Virgolettati che impongono “italiani”

In Virgolettati fantasiosi (e “fumosi”) ho descritto l’abitudine dei media italiani di non riportare fedelmente le parole altrui, come ci si aspetterebbe quando sono racchiuse tra virgolette, ma di darne interpretazioni arbitrarie.

Non sempre è facile verificare se la citazione è corretta, ma in questo esempio di un tweet del TG1 RAI con video associato è palese che il virgolettato non corrisponde a quanto effettivamente pronunciato:

Jannik Sinner ha risposto alla domanda “Stavi perdendo, poi che è successo?” con “…ho pensato a tutte le persone che stavano comunque guardando questa partita”. Si può subito notare che il passato prossimo (ho pensato), indicativo di un singolo momento, è stato sostituito con l’imperfetto (pensavo) che comunica invece il perdurare dell’azione, come se fosse stato un pensiero continuo.

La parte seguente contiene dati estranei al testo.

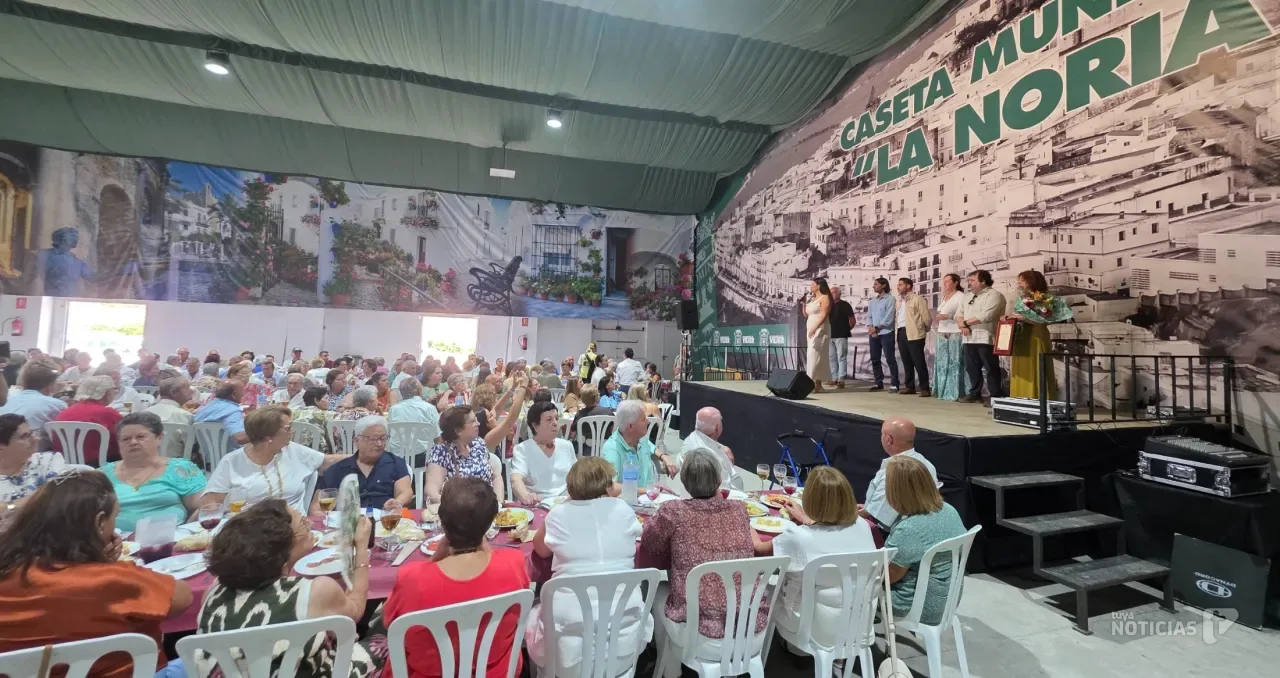 Más de 370 mayores arropan a Andrés en la gran celebración de Vejer por el Día del Mayor
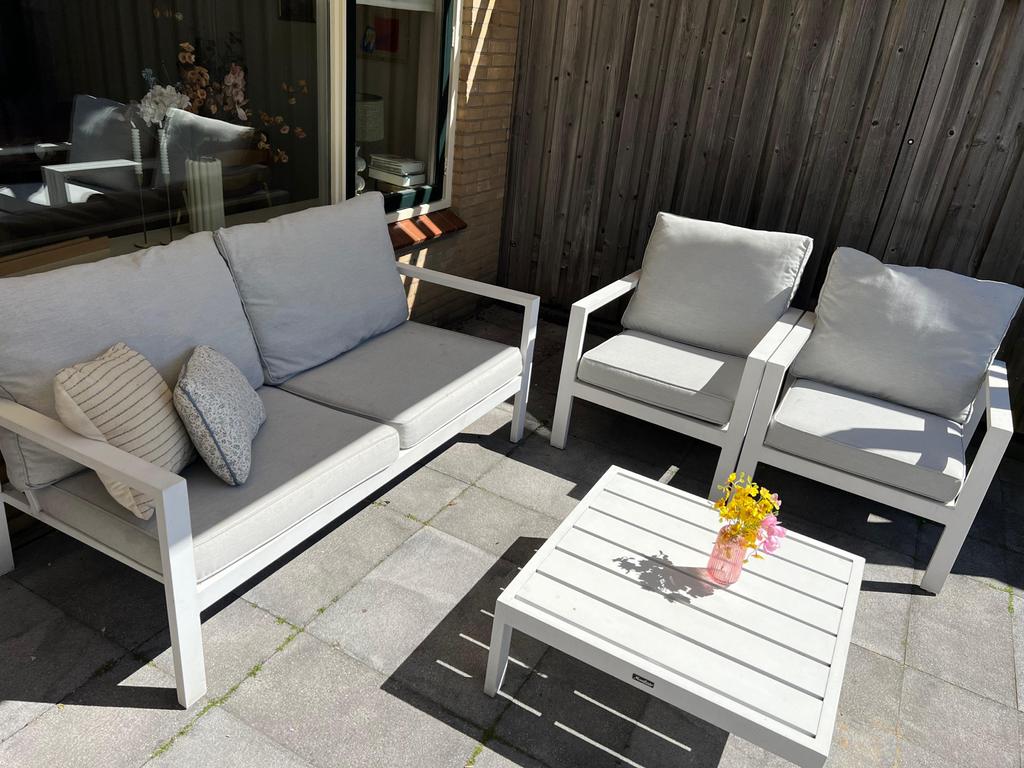 Manifesto Tuinset - Gebruikt maar in nette staat, Ophalen, 4 zitplaatsen, Aluminium, Zo goed als nieuw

La differenza più evidente è però lessicale: c’è da chiedersi perché chi ha ideato il virgolettato abbia ritenuto opportuno modificare persone con italiani, sostituendo una parola inclusiva con una invece restrittiva e potenzialmente connotata.

Non sapremo mai se è una reinterpretazione dettata da linee editoriali, se è un’iniziativa personale e con quale motivazione, se è uno stratagemma acchiappaclic oppure mera superficialità o altro ancora – a ciascuno la propria conclusione – di certo però chi produce i virgolettati fantasiosi pare non considerare che attendibilità e autorevolezza ne risentono.


Anche la parola azzurro è usata impropriamente: agli Australian Open gli atleti partecipano individualmente e non come rappresentanti della propria squadra nazionale. Il terrore delle ripetizioni colpisce ancora!